- Exercise aim
In the data below, find the line containing "Metallic Gold Swirl", then set down that line and every later line up to and including the line containing "14K Gold Teddy", exactly.

- Data records
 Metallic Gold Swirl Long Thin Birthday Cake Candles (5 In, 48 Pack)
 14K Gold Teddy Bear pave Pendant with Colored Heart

==

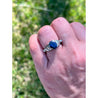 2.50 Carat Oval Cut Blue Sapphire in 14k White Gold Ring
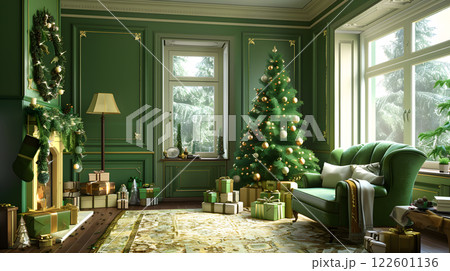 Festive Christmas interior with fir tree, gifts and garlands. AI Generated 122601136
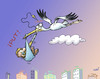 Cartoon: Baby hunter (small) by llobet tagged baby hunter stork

* * *

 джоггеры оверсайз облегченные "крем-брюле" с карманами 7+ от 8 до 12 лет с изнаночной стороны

- Task answer
 Metallic Gold Swirl Long Thin Birthday Cake Candles (5 In, 48 Pack)
 14K Gold Teddy Bear pave Pendant with Colored Heart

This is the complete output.